In aggiunta a questa diffusa tendenza, ci sono i giornalisti e mezzi di comunicazione che cercano di mantenere un equilibrio, spesso evitando di prendere parti per timore di pesanti critiche.

La comprensione di queste influenze culturali, politiche ed economiche è essenziale per migliorare la copertura dei conflitti, promuovendo una visione più accurata delle sofferenze umane coinvolte. La netta differenza tra la narrazione di entrambe le parti, con un’evidente attenzione ai dettagli delle vittime israeliane e una minimizzazione delle sofferenze dei palestinesi, mette in luce una profonda disparità nella percezione di questo conflitto.

È evidente che la censura esercitata su opinioni che umanizzano i palestinesi o che si allontanano dal supporto incondizionato a Israele è solo una parte del problema. L’etica del giornalismo e i valori morali dovrebbero riflettere le aspettative della società nei confronti dei media. Tuttavia, sembra che pregiudizi radicati nella storia, insieme a influenze geopolitiche ed economiche, abbiano condizionato la copertura mediatica occidentale.  È innegabile che l’opinione pubblica sia profondamente influenzata dai media, tanto da diventare in molti casi ciò che i media stessi vogliono che sia. Questo fenomeno è ancor più evidente in questi ultimi giorni nei quali la narrazione mediatica gioca un ruolo cruciale nel plasmare la percezione del pubblico.

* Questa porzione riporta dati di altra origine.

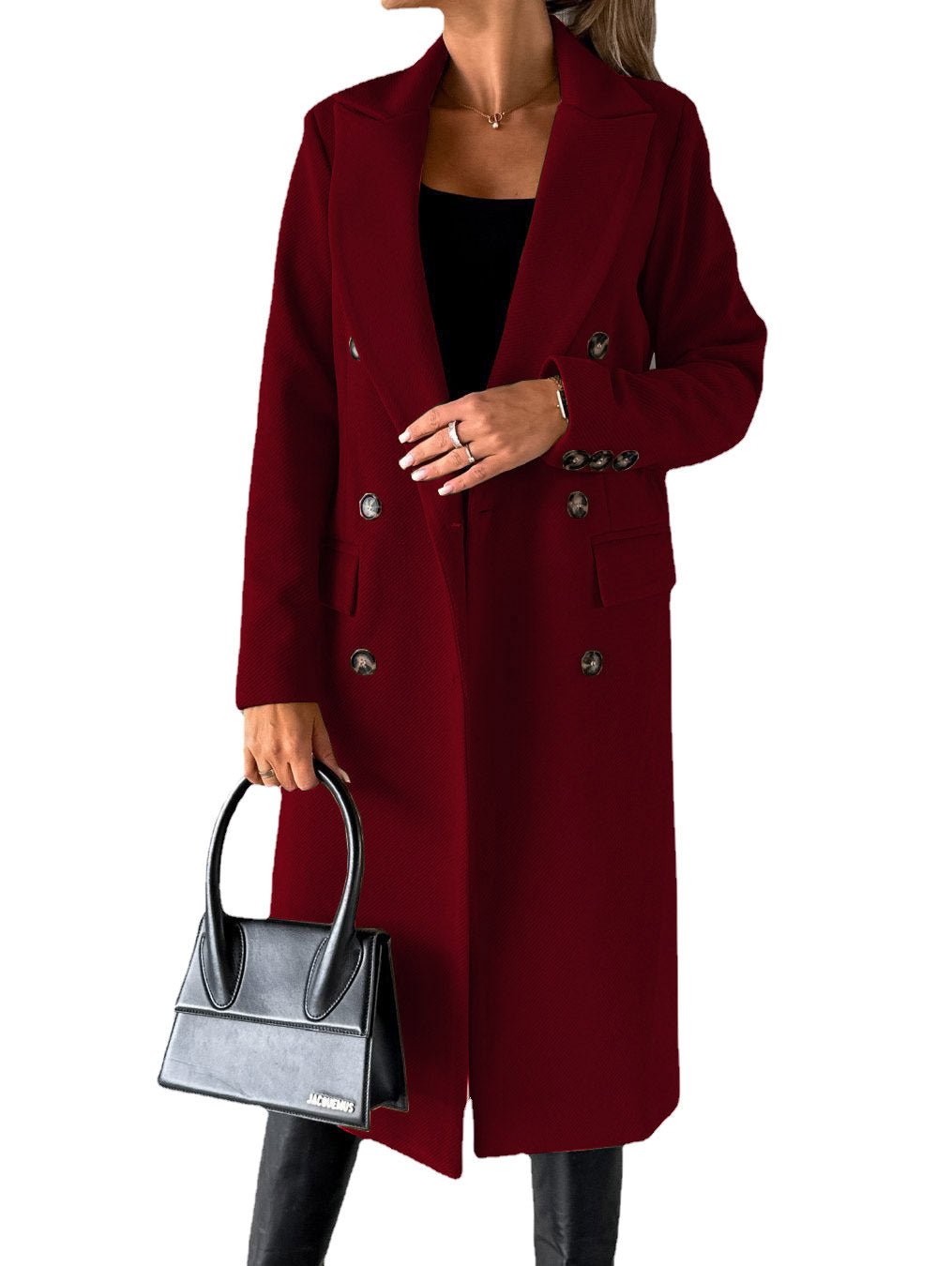 Women's Spring Fashion Wool CoatSolid Color Long Sleeve Double - Breasted Patch Pocket Versatile Outerwear - 𝐃𝐔𝐕𝐋𝐀𝐒𝐇𝐎𝐏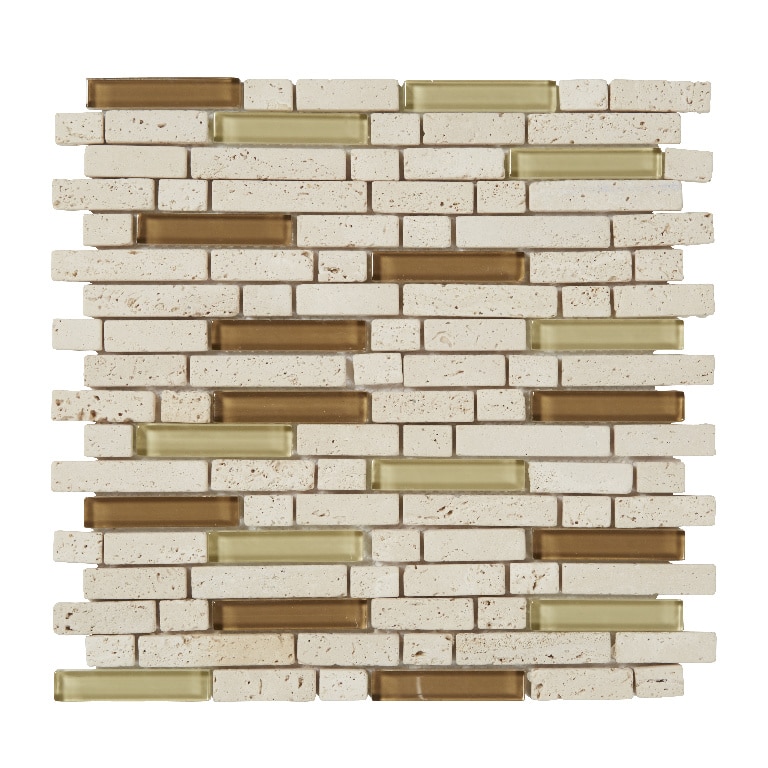 Mozaic interior, bej, sticla si piatra, dreptunghiular, 30 x 30.4 cm x 8 mm  GoodHome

Il pubblico dovrebbe esercitare un discernimento critico e cercare fonti d’informazione diverse e obiettive per ottenere una prospettiva completa. Solo così si può evitare che la società diventi meramente uno specchio delle scelte editoriali dei media, contribuendo invece a una comprensione più accurata dei complessi problemi globali.